Q: How did “Greensleeves” become a Christmas song?
—Sean Scheiderer


A: The various versions of the English ballad “Greensleeves” were often bawdy tales of romantic love, once described by Shakespeare as the antithesis of Biblical verse.

Turning the tune into the carol “What Child Is This?” seems like an exercise in early Christian rock.

But it was common for ballad melodies to quickly become separated from their lyrics and adapted to other purposes (including many hymns).

The ballad’s earliest known publication was in 1580, but it was a “new” version no doubt preceded by many others. (Contrary to legend, King Henry VIII did not write the tune.) Despite the variations, the basic motif was always a love song aimed at a well-dressed woman (“Lady Green Sleeves”), often a prostitute.

The 1584 version published today in traditional songbooks is a clean version in which the narrator complains that his would-be lover isn’t impressed by gifts of fancy clothes.

In “The Merry Wives of Windsor” (circa 1597), Shakespeare twice cites the ballad as the epitome of raunch. Hypocrisy is likened to setting “the hundred Psalms to the tune of ‘Green-sleeves.’” And a randy Falstaff proclaims, “….let it thunder to the tune of ‘Green-sleeves’….” while hoping aphrodisiacs rain from the sky.

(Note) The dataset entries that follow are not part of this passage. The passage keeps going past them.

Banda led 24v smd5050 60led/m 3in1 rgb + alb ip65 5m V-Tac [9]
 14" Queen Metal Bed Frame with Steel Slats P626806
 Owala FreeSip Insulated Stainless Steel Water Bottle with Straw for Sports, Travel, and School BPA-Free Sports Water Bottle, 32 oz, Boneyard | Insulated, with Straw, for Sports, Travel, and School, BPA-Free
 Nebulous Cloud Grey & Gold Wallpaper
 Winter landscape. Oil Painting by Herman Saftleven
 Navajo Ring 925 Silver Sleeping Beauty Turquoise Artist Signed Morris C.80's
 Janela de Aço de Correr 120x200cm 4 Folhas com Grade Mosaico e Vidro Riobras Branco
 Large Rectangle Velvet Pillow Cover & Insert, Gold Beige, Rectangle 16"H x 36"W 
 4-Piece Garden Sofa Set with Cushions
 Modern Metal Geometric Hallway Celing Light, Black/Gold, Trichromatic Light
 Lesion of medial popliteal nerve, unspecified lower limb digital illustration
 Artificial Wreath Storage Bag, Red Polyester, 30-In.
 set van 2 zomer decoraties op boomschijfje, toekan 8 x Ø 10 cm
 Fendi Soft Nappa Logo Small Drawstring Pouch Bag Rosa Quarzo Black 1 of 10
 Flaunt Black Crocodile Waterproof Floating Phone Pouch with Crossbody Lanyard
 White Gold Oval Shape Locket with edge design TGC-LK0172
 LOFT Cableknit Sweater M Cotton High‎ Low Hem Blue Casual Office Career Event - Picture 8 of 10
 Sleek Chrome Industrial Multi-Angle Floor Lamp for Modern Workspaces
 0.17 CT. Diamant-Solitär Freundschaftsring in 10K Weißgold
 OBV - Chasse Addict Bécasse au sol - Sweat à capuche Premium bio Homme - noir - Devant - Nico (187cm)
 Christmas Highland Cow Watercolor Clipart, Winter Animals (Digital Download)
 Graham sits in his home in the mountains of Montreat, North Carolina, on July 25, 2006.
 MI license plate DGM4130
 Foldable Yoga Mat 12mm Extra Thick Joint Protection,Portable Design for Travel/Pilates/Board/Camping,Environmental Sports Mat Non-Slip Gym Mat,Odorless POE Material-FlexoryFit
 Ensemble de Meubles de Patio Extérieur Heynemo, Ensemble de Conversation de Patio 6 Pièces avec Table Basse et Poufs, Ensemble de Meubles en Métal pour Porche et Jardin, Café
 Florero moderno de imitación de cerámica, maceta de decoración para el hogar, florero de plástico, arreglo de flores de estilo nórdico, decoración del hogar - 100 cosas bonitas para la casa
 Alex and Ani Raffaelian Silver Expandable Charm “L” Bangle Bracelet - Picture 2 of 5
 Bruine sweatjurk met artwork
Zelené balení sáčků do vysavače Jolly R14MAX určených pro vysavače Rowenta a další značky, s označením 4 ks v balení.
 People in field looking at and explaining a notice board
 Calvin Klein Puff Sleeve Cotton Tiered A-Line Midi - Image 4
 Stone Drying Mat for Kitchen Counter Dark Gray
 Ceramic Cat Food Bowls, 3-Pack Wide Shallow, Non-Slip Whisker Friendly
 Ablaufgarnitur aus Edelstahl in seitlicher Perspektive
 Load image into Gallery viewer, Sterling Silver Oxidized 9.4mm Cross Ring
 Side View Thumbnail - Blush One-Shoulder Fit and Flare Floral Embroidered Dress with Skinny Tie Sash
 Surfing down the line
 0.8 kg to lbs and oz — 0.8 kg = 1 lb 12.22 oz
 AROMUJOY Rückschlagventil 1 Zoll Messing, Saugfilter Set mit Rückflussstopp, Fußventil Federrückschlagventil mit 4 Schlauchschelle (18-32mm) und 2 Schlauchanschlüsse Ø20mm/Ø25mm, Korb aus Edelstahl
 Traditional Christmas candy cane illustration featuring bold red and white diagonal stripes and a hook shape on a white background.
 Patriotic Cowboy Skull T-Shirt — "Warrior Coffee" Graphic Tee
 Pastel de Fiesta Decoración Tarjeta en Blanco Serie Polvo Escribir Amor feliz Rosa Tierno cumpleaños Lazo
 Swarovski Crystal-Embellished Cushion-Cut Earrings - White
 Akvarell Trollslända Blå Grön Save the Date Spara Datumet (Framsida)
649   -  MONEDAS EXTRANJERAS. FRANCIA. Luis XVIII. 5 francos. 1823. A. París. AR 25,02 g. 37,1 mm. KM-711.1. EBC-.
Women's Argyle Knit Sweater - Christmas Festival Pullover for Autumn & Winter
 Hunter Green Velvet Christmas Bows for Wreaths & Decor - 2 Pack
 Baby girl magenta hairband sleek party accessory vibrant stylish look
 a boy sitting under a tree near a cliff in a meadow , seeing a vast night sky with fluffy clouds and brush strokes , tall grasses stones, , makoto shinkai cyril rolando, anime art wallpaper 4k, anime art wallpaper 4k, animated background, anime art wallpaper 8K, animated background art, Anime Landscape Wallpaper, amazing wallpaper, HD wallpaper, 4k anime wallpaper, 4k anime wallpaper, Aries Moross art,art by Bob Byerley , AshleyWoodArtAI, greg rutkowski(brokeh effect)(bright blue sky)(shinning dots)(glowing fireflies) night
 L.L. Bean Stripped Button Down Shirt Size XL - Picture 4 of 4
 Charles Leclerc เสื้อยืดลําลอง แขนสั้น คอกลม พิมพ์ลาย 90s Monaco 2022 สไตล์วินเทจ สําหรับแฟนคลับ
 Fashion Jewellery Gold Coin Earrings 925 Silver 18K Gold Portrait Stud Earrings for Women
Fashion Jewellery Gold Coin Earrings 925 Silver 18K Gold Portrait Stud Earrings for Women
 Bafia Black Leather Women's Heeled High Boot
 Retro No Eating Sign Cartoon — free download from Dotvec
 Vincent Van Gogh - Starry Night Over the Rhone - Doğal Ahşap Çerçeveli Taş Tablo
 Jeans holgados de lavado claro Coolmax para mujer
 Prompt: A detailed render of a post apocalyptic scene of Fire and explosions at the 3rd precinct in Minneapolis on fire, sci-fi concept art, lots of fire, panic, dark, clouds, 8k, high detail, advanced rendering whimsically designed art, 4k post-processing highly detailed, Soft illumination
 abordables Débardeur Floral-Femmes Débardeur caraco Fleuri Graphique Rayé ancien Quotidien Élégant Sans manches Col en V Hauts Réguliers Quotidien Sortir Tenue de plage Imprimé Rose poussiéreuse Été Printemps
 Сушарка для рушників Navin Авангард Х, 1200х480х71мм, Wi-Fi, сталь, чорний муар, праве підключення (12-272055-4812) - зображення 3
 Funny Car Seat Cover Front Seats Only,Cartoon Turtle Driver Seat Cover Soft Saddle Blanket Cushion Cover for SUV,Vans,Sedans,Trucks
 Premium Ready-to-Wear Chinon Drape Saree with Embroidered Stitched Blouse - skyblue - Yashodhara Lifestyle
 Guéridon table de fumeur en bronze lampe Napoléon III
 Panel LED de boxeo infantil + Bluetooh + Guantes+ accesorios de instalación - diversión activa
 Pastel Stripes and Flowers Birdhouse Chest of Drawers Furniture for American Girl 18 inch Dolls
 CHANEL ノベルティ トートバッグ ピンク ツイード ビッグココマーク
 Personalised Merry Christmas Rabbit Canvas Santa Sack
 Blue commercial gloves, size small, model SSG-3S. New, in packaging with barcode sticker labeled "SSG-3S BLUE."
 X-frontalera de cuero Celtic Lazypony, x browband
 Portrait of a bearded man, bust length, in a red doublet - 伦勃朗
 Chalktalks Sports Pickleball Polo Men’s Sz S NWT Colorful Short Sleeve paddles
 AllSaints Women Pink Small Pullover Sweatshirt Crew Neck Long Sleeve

However, by the mid-1600s the “Greensleeves” melody was being applied to lullabyes and unrelated songs in musical theater.

Illiterate Internet blather reports that Shakespeare set a hanging scene to the tune. This is a confusion with John Gay’s classic 1728 satire “The Beggar’s Opera,” in which new “Greensleeves” lyrics include: “But gold from law can take out the sting/And if rich men like us were to swing/’Twou’d thin the land, such numbers to string/Upon Tyburn tree!”

Its first application to a Christmas carol was “The Old Year Now Is Fled,” which appeared in the popular collection “New Christmas Carols of 1642.”
Folk music, theater and England’s morris-dancing (traditional costumed musical dance) kept the tune alive into the 1800s. Around 1865, a Christian poem called “The Manger Throne” was written by William Dix, a British insurance agent who wrote many verses that were adapted as hymns.

Some sources incorrectly report Dix wrote the verses based on a religious experience following illness-induced depression. That’s actually the story behind his 1858 hymn “As With Gladness Men of Old.”

Music publisher John Stainer pulled out three verses of the poem, set them to the “Greensleeves” melody, and published it as “What Child Is This?” in Stainer and Henry Bramley’s 1872 collection “Christmas Carols New and Old.”

Dix had nothing to do with the music applied to his verse and sometimes didn’t like it. His opinion of the “Greensleeves” melody is not recorded.
Over the centuries the “Greensleeves” melody has varied as much as its lyrics. Stainer’s lilting, trilling arrangement has become the modern standard.

Meanwhile, “Greensleeves” continues to live a secular life. Many Americans know the melody from the song “Home on the Meadow” in the film “How the West Was Won” (1962).